Task: Go through the records line by line from the top and repeat each one exactly, ending with the line that contains "Schumacher Fabrics , a".

*** Information provided ***

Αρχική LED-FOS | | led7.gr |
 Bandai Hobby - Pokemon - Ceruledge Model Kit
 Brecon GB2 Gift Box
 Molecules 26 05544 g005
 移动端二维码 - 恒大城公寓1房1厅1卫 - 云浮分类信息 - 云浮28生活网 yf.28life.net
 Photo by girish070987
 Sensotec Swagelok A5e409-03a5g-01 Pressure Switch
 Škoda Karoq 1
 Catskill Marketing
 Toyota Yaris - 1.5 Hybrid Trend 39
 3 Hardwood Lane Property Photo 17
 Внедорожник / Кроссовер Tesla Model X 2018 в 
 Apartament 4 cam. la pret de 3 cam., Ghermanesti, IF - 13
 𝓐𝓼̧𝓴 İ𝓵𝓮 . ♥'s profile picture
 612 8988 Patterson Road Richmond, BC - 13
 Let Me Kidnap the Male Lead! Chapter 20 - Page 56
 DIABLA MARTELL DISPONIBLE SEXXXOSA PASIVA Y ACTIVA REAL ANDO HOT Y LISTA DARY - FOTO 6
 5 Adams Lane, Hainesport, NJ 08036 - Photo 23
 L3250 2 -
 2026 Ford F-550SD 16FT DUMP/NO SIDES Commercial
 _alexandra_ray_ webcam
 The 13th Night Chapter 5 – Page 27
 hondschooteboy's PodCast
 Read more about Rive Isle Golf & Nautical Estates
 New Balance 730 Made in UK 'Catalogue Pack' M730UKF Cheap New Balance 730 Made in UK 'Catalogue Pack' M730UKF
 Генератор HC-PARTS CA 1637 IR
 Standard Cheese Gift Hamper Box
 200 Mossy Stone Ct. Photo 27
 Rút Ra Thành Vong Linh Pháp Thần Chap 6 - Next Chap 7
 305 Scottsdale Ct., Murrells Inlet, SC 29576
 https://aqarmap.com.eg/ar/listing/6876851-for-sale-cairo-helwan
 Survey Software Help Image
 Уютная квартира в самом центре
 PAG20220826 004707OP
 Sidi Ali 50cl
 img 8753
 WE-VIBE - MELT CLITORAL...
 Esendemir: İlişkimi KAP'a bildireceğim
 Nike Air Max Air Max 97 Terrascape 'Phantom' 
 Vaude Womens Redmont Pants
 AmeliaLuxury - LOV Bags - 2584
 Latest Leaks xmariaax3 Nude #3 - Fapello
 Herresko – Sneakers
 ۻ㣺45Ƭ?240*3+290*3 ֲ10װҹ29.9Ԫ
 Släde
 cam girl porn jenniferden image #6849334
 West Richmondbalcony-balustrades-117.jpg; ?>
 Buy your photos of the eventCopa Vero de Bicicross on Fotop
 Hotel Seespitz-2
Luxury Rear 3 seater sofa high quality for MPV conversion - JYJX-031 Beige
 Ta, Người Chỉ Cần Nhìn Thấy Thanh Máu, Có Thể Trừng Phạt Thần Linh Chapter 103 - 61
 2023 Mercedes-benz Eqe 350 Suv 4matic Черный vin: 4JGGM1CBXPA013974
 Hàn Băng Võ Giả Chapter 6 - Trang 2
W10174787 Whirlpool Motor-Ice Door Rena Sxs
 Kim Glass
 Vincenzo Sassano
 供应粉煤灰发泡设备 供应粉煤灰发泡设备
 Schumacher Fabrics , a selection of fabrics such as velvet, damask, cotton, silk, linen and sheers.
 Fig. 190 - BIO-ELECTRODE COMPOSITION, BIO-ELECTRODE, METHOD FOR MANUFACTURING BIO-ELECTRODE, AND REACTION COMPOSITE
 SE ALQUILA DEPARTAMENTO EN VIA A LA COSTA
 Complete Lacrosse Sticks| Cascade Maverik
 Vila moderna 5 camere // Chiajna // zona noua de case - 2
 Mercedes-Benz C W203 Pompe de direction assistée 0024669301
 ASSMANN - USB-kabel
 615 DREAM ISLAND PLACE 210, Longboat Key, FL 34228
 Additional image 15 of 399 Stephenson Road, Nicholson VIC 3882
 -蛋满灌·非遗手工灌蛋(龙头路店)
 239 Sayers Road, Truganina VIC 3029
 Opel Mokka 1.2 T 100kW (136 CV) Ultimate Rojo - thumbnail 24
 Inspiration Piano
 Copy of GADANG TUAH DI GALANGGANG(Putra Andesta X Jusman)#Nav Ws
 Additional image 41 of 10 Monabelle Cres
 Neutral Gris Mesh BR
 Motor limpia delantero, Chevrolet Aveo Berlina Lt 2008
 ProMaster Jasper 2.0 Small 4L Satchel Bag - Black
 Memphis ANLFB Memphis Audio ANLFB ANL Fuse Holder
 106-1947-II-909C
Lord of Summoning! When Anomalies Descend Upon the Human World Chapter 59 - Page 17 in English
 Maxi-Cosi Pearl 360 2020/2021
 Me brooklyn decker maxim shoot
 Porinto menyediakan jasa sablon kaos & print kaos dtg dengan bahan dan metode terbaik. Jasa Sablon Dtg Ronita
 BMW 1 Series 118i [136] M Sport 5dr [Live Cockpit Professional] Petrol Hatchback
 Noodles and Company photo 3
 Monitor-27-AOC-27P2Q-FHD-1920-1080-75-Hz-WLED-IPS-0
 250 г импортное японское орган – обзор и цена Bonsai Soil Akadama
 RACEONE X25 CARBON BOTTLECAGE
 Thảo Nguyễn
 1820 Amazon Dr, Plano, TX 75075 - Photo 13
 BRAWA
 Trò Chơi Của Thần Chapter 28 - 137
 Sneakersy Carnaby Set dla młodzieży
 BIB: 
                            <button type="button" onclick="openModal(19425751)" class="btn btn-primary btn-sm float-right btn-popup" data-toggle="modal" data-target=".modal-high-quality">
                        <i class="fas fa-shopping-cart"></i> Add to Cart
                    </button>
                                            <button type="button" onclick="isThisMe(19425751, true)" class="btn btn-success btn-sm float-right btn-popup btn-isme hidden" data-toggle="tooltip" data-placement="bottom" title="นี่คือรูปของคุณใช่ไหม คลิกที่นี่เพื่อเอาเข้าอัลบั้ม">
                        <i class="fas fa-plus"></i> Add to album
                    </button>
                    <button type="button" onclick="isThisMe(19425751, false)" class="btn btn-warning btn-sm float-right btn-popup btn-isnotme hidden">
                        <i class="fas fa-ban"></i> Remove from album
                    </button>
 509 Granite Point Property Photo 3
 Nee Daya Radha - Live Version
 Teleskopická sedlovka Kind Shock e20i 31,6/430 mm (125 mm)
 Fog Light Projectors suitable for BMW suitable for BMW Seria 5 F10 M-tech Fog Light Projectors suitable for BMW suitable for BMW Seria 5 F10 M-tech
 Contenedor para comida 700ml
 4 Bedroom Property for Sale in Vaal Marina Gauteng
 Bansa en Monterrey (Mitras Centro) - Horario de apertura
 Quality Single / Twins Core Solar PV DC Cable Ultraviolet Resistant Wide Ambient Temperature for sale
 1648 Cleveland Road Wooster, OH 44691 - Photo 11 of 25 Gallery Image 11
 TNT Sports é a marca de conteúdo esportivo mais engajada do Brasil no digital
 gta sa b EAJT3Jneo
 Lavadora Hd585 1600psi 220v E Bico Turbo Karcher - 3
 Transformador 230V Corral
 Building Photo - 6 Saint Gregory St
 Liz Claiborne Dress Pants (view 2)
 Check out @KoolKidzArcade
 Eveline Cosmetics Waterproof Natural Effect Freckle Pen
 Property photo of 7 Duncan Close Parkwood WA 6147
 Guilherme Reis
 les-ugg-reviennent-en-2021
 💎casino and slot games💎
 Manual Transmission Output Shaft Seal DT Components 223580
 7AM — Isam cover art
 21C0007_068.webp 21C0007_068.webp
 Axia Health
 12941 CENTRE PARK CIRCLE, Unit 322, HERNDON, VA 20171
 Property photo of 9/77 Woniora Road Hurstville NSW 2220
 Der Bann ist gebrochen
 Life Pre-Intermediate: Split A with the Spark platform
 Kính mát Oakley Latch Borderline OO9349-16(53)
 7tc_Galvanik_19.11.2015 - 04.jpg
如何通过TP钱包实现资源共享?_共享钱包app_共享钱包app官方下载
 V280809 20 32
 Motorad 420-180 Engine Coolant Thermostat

*** End of Information provided ***

Your response:
Αρχική LED-FOS | | led7.gr |
 Bandai Hobby - Pokemon - Ceruledge Model Kit
 Brecon GB2 Gift Box
 Molecules 26 05544 g005
 移动端二维码 - 恒大城公寓1房1厅1卫 - 云浮分类信息 - 云浮28生活网 yf.28life.net
 Photo by girish070987
 Sensotec Swagelok A5e409-03a5g-01 Pressure Switch
 Škoda Karoq 1
 Catskill Marketing
 Toyota Yaris - 1.5 Hybrid Trend 39
 3 Hardwood Lane Property Photo 17
 Внедорожник / Кроссовер Tesla Model X 2018 в 
 Apartament 4 cam. la pret de 3 cam., Ghermanesti, IF - 13
 𝓐𝓼̧𝓴 İ𝓵𝓮 . ♥'s profile picture
 612 8988 Patterson Road Richmond, BC - 13
 Let Me Kidnap the Male Lead! Chapter 20 - Page 56
 DIABLA MARTELL DISPONIBLE SEXXXOSA PASIVA Y ACTIVA REAL ANDO HOT Y LISTA DARY - FOTO 6
 5 Adams Lane, Hainesport, NJ 08036 - Photo 23
 L3250 2 -
 2026 Ford F-550SD 16FT DUMP/NO SIDES Commercial
 _alexandra_ray_ webcam
 The 13th Night Chapter 5 – Page 27
 hondschooteboy's PodCast
 Read more about Rive Isle Golf & Nautical Estates
 New Balance 730 Made in UK 'Catalogue Pack' M730UKF Cheap New Balance 730 Made in UK 'Catalogue Pack' M730UKF
 Генератор HC-PARTS CA 1637 IR
 Standard Cheese Gift Hamper Box
 200 Mossy Stone Ct. Photo 27
 Rút Ra Thành Vong Linh Pháp Thần Chap 6 - Next Chap 7
 305 Scottsdale Ct., Murrells Inlet, SC 29576
 https://aqarmap.com.eg/ar/listing/6876851-for-sale-cairo-helwan
 Survey Software Help Image
 Уютная квартира в самом центре
 PAG20220826 004707OP
 Sidi Ali 50cl
 img 8753
 WE-VIBE - MELT CLITORAL...
 Esendemir: İlişkimi KAP'a bildireceğim
 Nike Air Max Air Max 97 Terrascape 'Phantom' 
 Vaude Womens Redmont Pants
 AmeliaLuxury - LOV Bags - 2584
 Latest Leaks xmariaax3 Nude #3 - Fapello
 Herresko – Sneakers
 ۻ㣺45Ƭ?240*3+290*3 ֲ10װҹ29.9Ԫ
 Släde
 cam girl porn jenniferden image #6849334
 West Richmondbalcony-balustrades-117.jpg; ?>
 Buy your photos of the eventCopa Vero de Bicicross on Fotop
 Hotel Seespitz-2
Luxury Rear 3 seater sofa high quality for MPV conversion - JYJX-031 Beige
 Ta, Người Chỉ Cần Nhìn Thấy Thanh Máu, Có Thể Trừng Phạt Thần Linh Chapter 103 - 61
 2023 Mercedes-benz Eqe 350 Suv 4matic Черный vin: 4JGGM1CBXPA013974
 Hàn Băng Võ Giả Chapter 6 - Trang 2
W10174787 Whirlpool Motor-Ice Door Rena Sxs
 Kim Glass
 Vincenzo Sassano
 供应粉煤灰发泡设备 供应粉煤灰发泡设备
 Schumacher Fabrics , a selection of fabrics such as velvet, damask, cotton, silk, linen and sheers.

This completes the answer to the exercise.